§ **WORK INSTRUCTION**
An exact copy of the data is needed, but without any of its images.

Short web captions:
◇ ◇ ◇
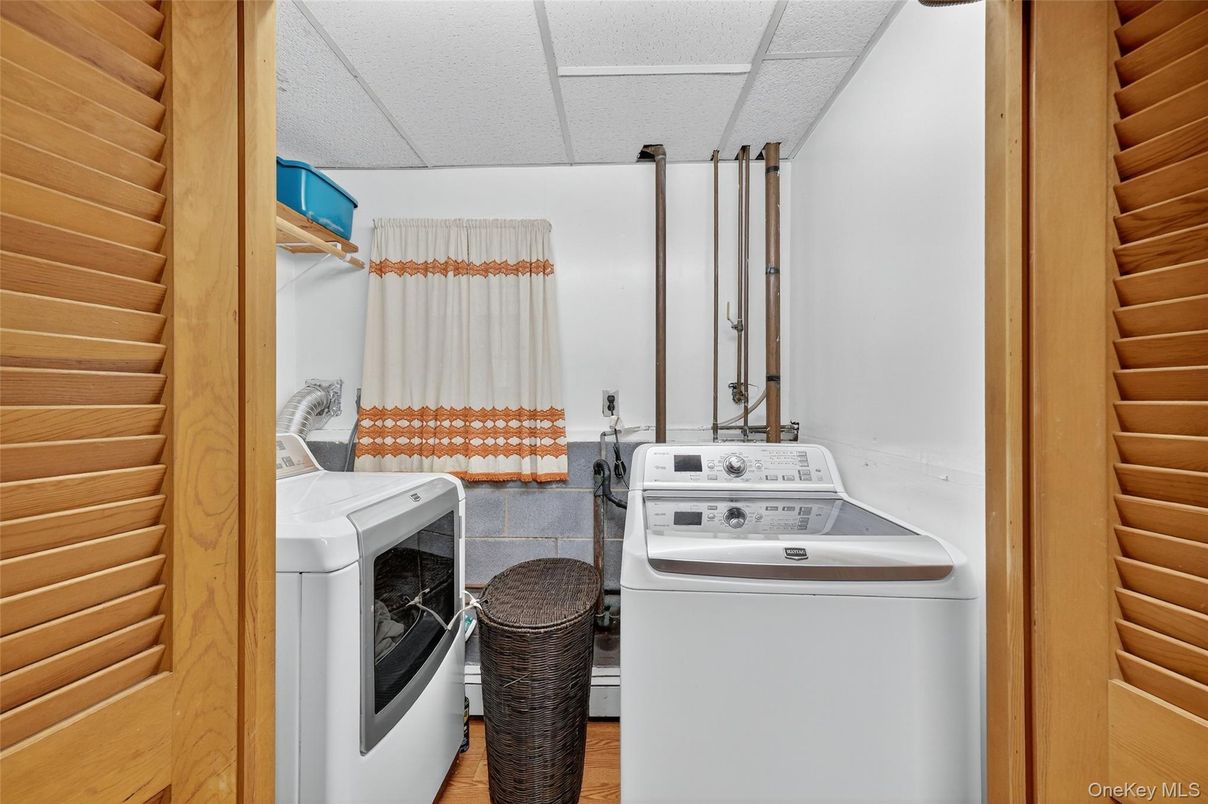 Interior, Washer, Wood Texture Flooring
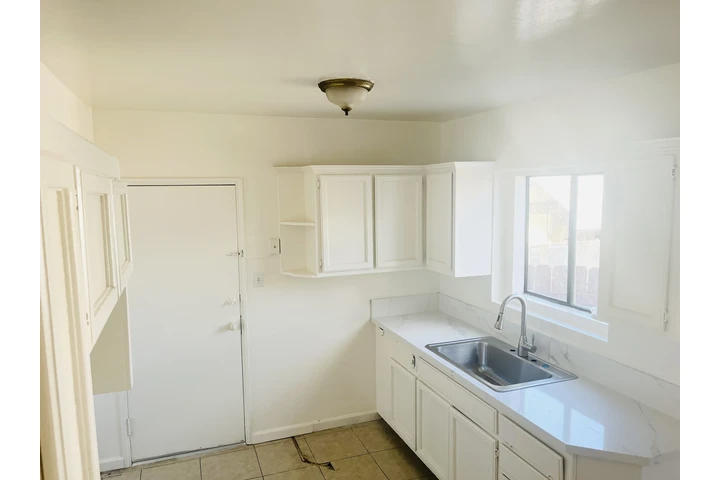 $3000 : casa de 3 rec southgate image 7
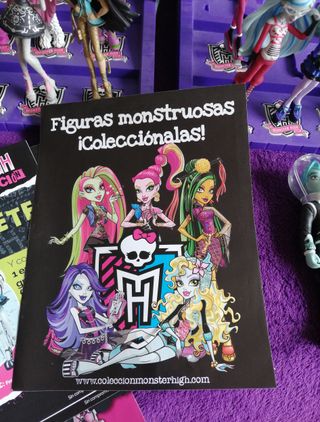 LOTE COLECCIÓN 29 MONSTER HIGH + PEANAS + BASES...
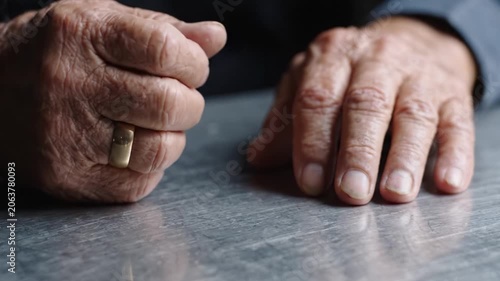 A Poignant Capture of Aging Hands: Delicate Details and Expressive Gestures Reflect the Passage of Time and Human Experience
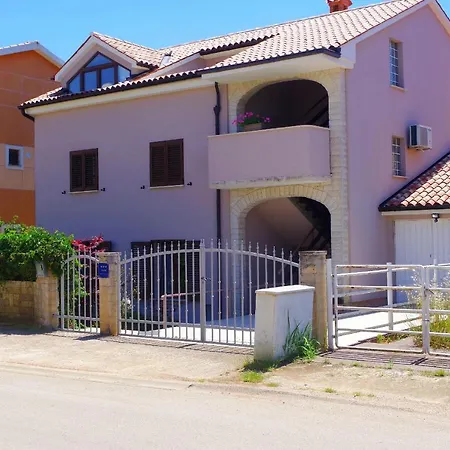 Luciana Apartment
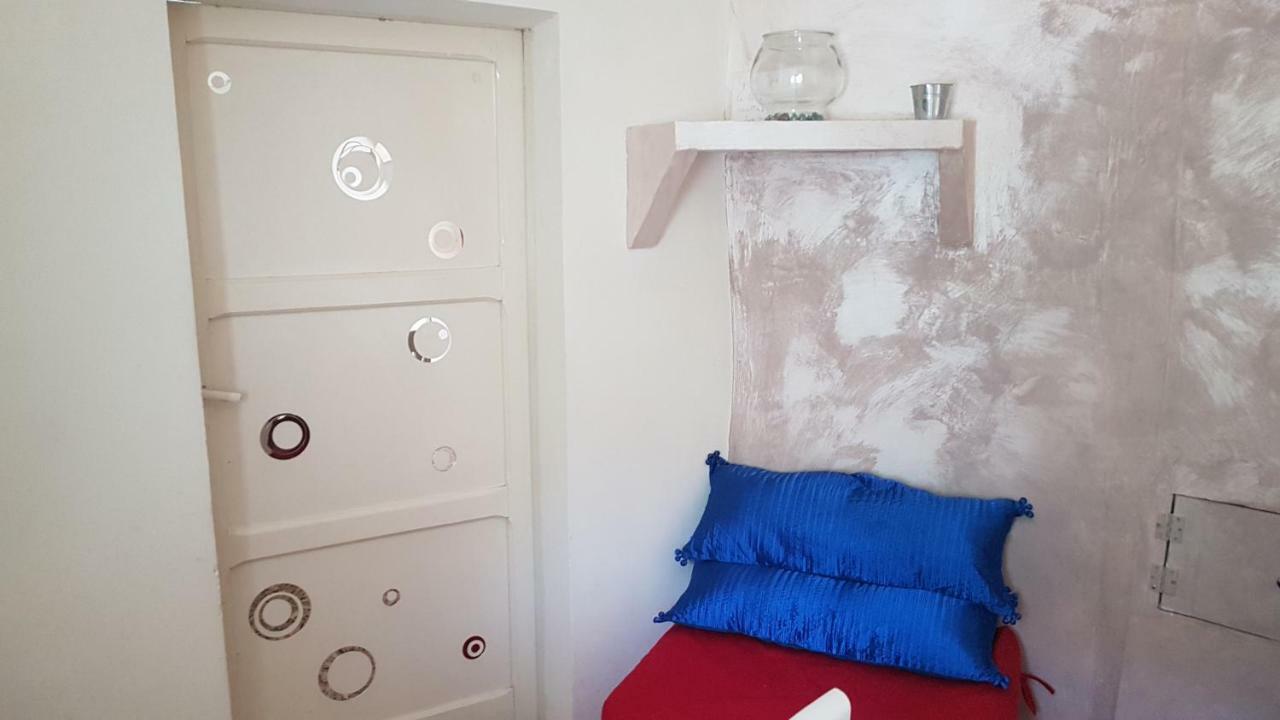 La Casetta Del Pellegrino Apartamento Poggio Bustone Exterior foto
◇ ◇ ◇
§ **SOLUTION TO THE PROBLEM**
 Interior, Washer, Wood Texture Flooring
 $3000 : casa de 3 rec southgate image 7
 LOTE COLECCIÓN 29 MONSTER HIGH + PEANAS + BASES...
 A Poignant Capture of Aging Hands: Delicate Details and Expressive Gestures Reflect the Passage of Time and Human Experience
 Luciana Apartment
 La Casetta Del Pellegrino Apartamento Poggio Bustone Exterior foto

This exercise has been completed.